April 10, 2000
The County is mandated by law to provide housing for felons and county misdemeanants. The County also contracts with most cities within the county to house city misdemeanants. The jail population increases as county population increases and as new laws and stricter penalties are adopted, Sims said.
Criminal justice spending currently consumes more than 63 percent of King County's general fund budget. Without significant intervention, that figure will continue to increase, due to increasing demands on criminal justice agencies.
Sims last year convened the Swift and Certain Justice Team of law, public safety, adult detention, and the courts to review criminal justice efficiencies. He said that a review of new laws and penalties, combined with alternative treatment and possible pricing incentives to limit jail stays are key steps toward reducing inmate populations.
Sims' proposed Adult Justice Operating Master Planning process will examine a wide range of alternative sanctions and methods of supervision, and community-based treatment programs, as alternatives to jailing offenders who pose little or no risk to public safety.
"Policies of the courts and law enforcement greatly affect the daily population of felony and misdemeanant defendants and offenders whose offenses are prosecuted under State statutes and County and city criminal ordinances," said Sims. "We are committed to working closely with officials whose codes, policies, and practices impact this population's growth.
"I am confident our analyses and planning will demonstrate that system efficiencies--as well as development, expansion, and readaptation of lower cost community alternatives--will prevent the need to expand jail bed capacity."

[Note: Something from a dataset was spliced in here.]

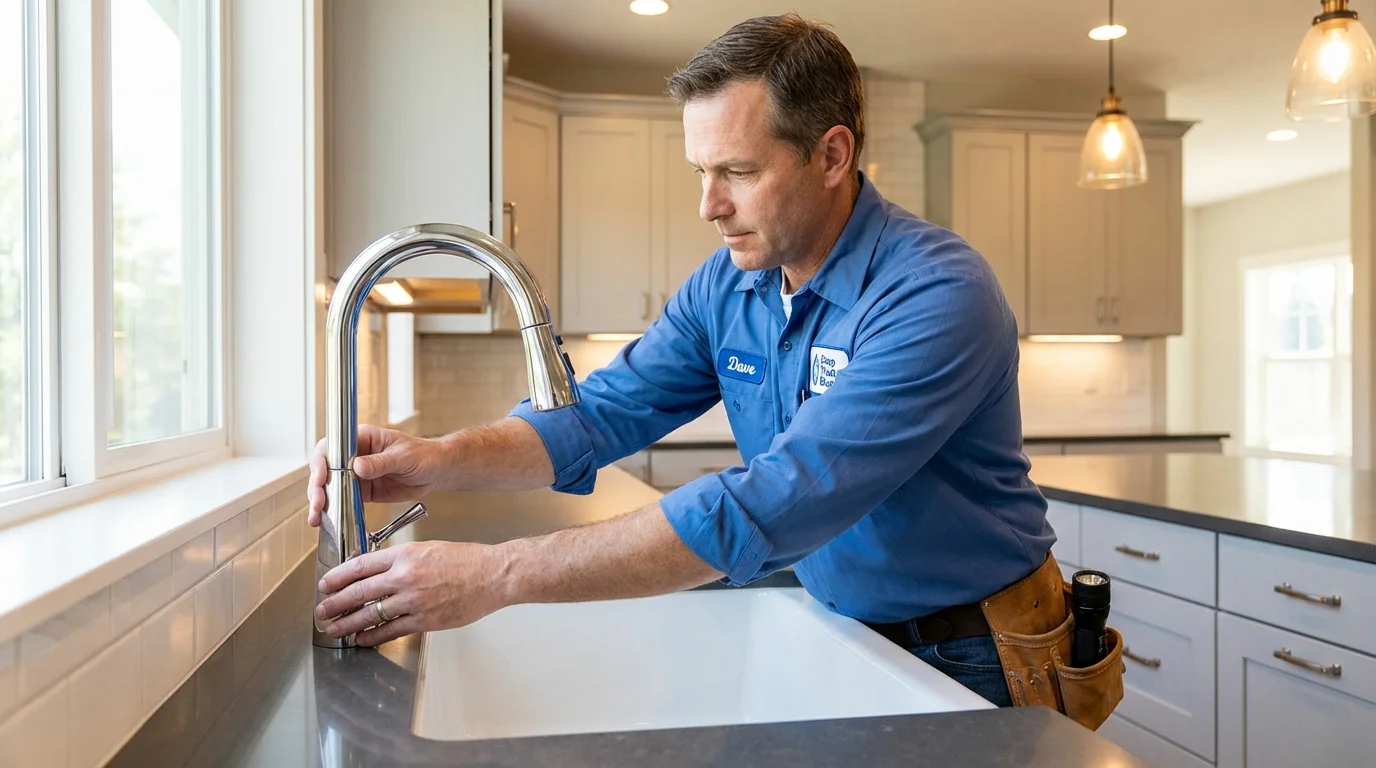 Kitchen faucet installation by Johns Plumbing LLC in Holton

The approval for conducting an operational master plan study was made last year, and the Council requested a detailed outline of how the plan will be prepared. King County Councilmember Greg Nickels, chair of the Council's Law, Justice and Human Services Committee that will review the work plan and the products that result from it, said the effort "represents an intensive, collaborative, deliberative, objective, and rational process to assess and improve the Adult Justice System. We look forward to reviewing the work plan and working with the Executive. I believe that we can provide safe communities in King County using existing resources and prevention measures, not just by building more jails."
The draft work plan will also be reviewed by criminal justice agencies throughout King County, by Seattle and suburban city officials, community advocacy groups, and non-governmental social service and treatment providers. The last justice operational master plan was completed in 1990. It resulted in a decision to construct the Regional Justice Center, now located in Kent.